It’s July and I’m obviously a bike guy. I love to ride my bike and get all fired up about all things bike related but I’m no expert. I don’t really know all the technical nuances of bike riding. I’m not even 100% sure how to pronounce the name of my road bike, it’s a Specialized Allez.
But every July is an exciting time even for a novice (who likes to think he’s an expert) like me because the Tour de France offers 3 weeks where I am an expert compared to 99% of the population in the USA. I can explain to people that “peloton” is not a really good rider who is always close to winning who never seems to finish first, that’s a true story, and in my circle of friends I’m the “go-to” guy for tour knowledge.
Personally, one aspect of the race that I have always enjoyed watching is its ability to not only showcase cycling as a whole but really highlight the amount of endurance and skill required just to ride the course. The tour always represented that gold standard of cycling in many ways but none no more than the idealistic manner in which bikes own the road for these 21 days in July.

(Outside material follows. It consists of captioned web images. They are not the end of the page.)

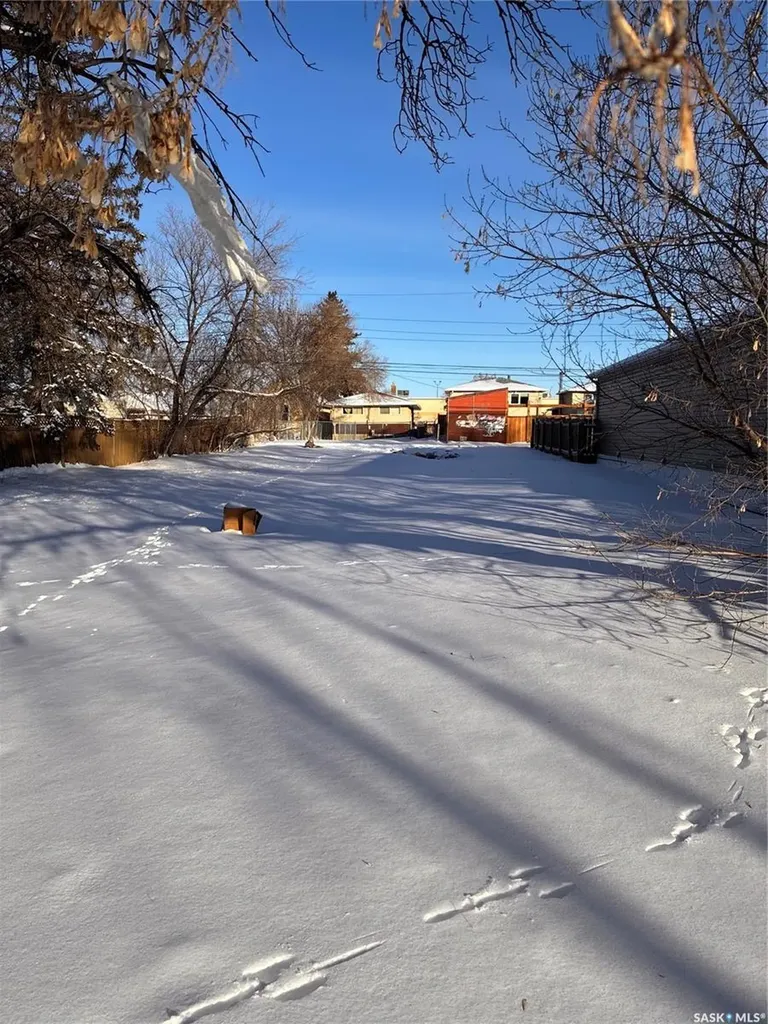 949 Rae Street Regina SK S4T 2B5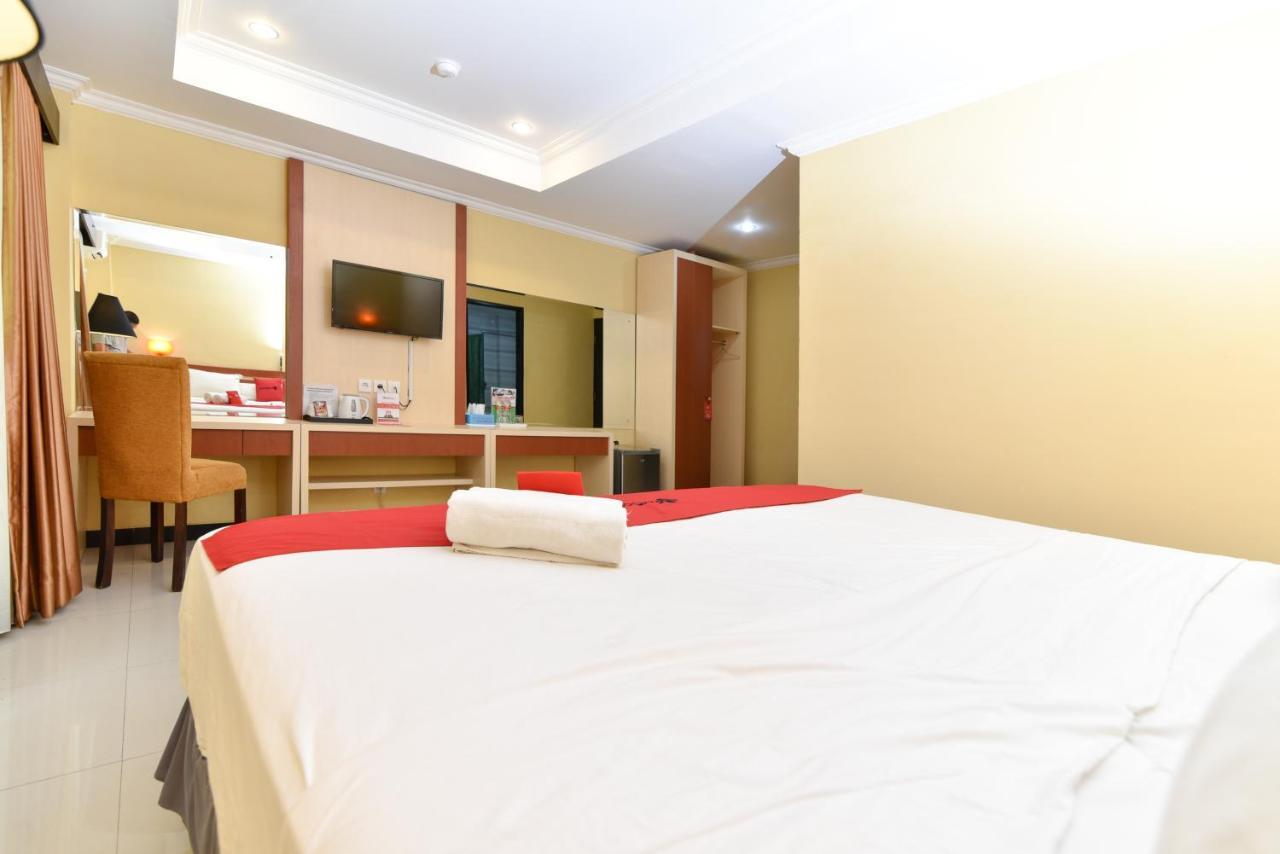 Reddoorz Plus Near Mall Bali Galeria 2 Hotel Denpasa Buitenkant foto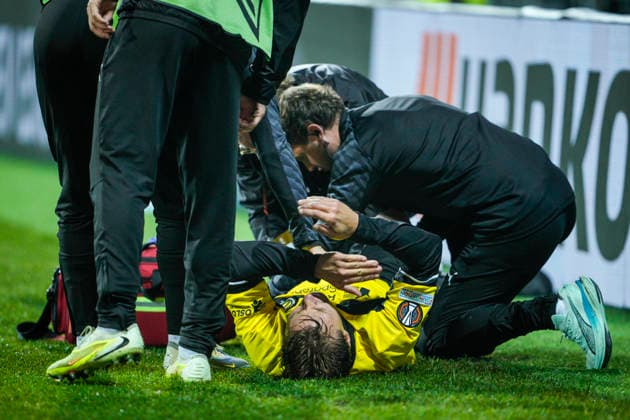 Europa League soccer 2026 2027 Lillestrom SCU Torreense Lillestrom 20260917 Lillestrom s Fredrik Gulbrandsen is being marked during the Europa League soccer match between Lillestrom and SCU Torreense at Arasen Photo: Stian Lysberg Solum NTB Lillestrøm, Norway EDITORIAL USE ONLY RESTRICTED USE FOR BETTING COMPANIES  Copyright: xStianxLysbergxSolumx xNTBx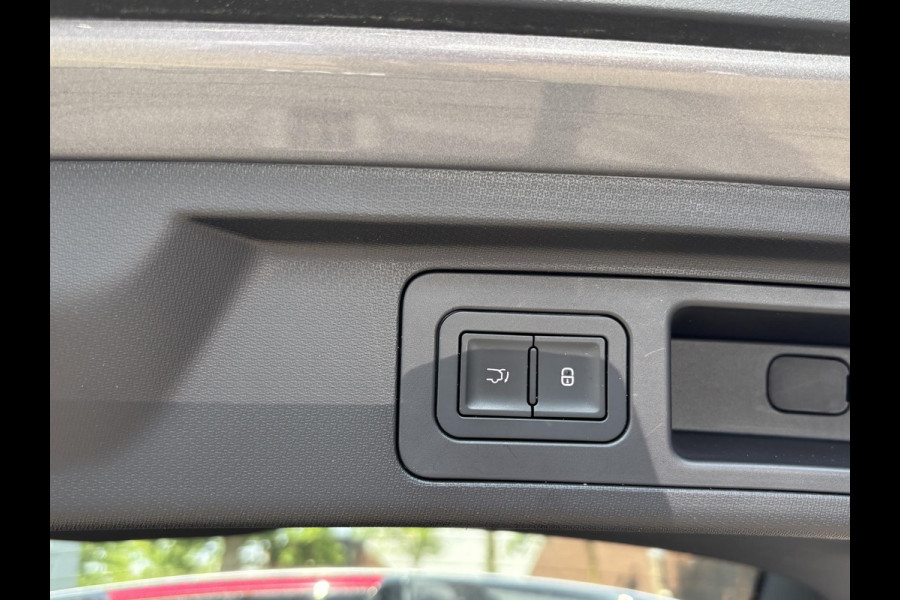 BYD ATTO 3 Design COMPLETE AUTO | RIJKLAAR INCL. FABR. GARANTIE T/M 2029 | AANDRIJFLIJN EN ACCU ZELFS T/M 2031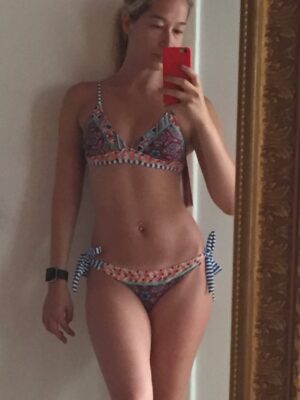 Gülçin Ergül Instagram - 2016 mı dediniz? 💁🏼‍♀️ 20 fotograf az geldi. (Birini sildim 2016 değilmiş… olur öyle şeyler hsjsjdkd)

#2016 #10yearschallege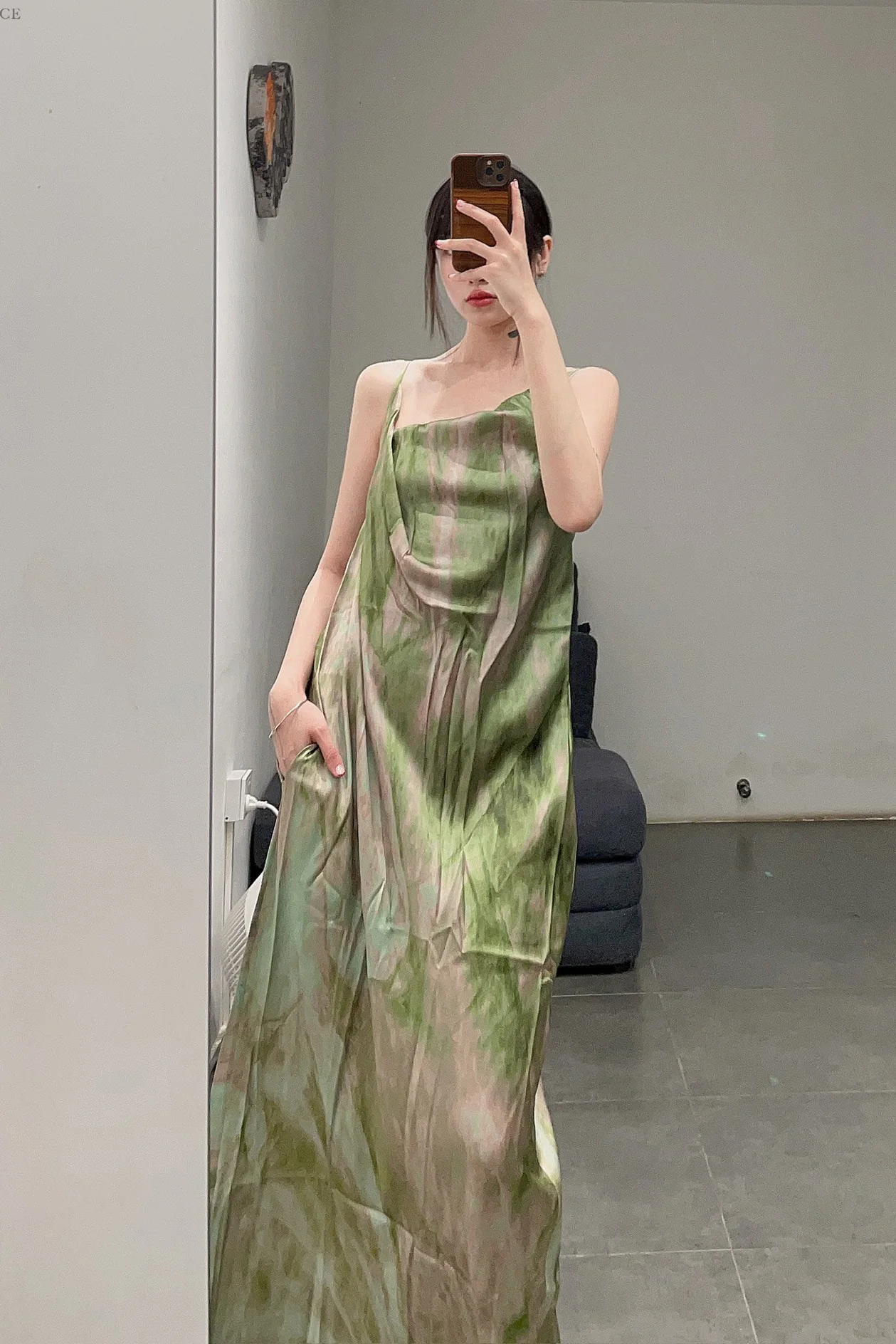 OUDE WAAG Swing Neck Open Back Print Dress OW-23AW-DS05P2GR052 Green Pink Print (OW-23AW-DS05) - Image 10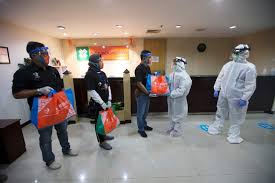 Berikut ini adalah standard gaji pegawai bank yang dikeluarkan oleh kelly services tahun 2012, sebuah perusahaan perekrutan karyawan dan konsultan manteb bener jadi pegawai bank. Hut Bni Pegawai Dan Serikat Pekerja Bni Membagikan 146 000 Paket Sembako Finansial Bisnis Com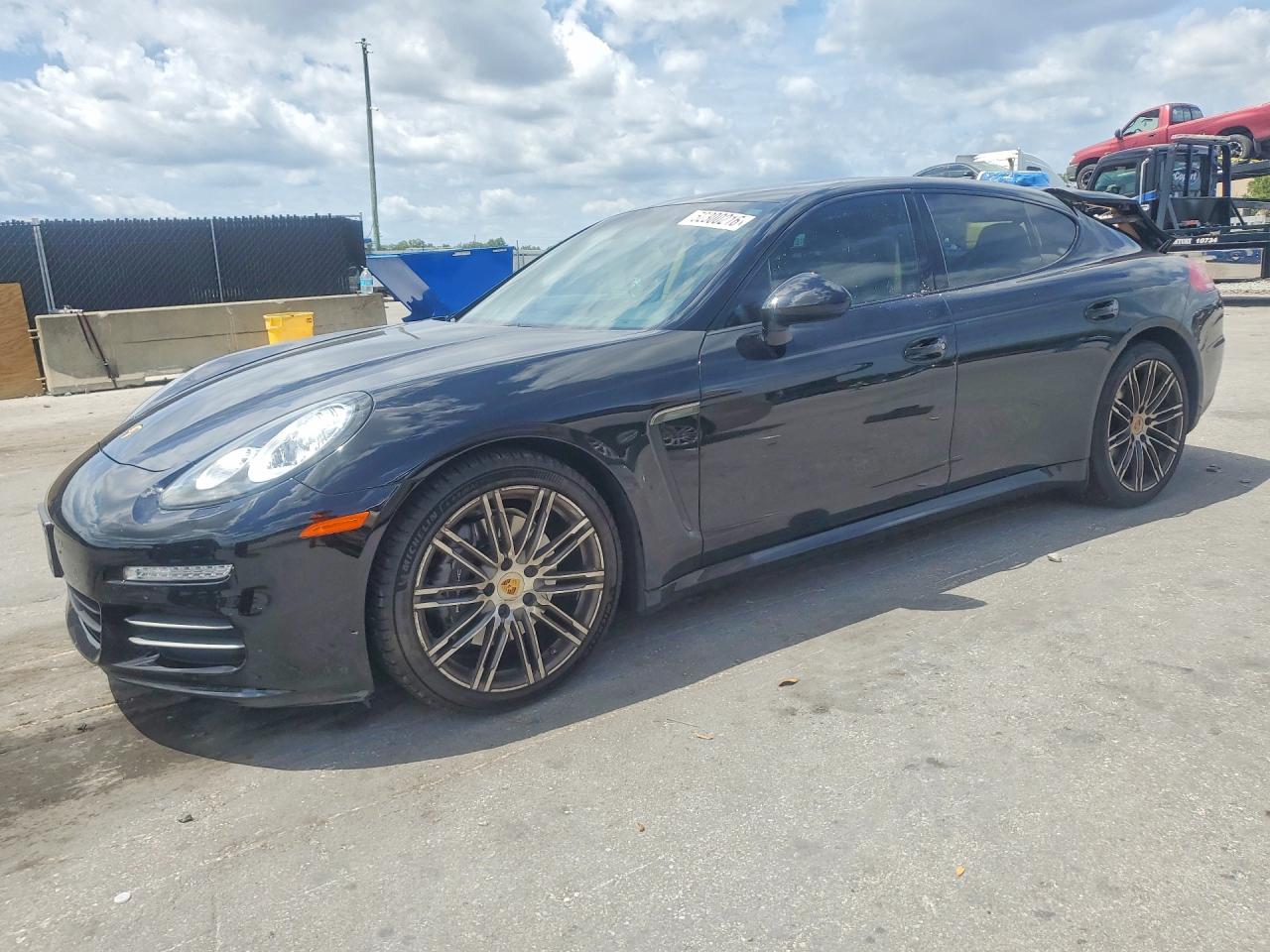 Salvage Porsche Panamera Image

It’s that dream most bike riders have, in which their favorite route is completely void of cars or the roles are reversed and every vehicle gives complete deference to the bikes. As most dreams are, it’s completely unrealistic but somehow fuels our imagination on those early morning holiday rides when the road is desolate for that one 5 minute spell and we are all alone off the front of the lead group buzzing through some tiny French village.
As every Tour de France reminds us, pro cycling is very dangerous in itself and this race is the granddaddy of the fantastic crash but this past weekend a sad element that every bike rider is far too familiar with found its way into the Tour. I’m not talking about another doping scandal or unsportsmanlike behavior, although both are present again this year, but the most dangerous element on any road. The momentary lapse of concentration and judgement by a vehicle driver.
This crash is a tragic reminder that it only takes a split second of distraction or carelessness for even a tiny European car to become a weapon on the road especially to a 170 pound rider cruising along at 30 mph.
I’m really glad that no one was seriously injured or killed because I’m one of the first sick people who “ohh” and “ahhh” at the intense crashes and pile ups.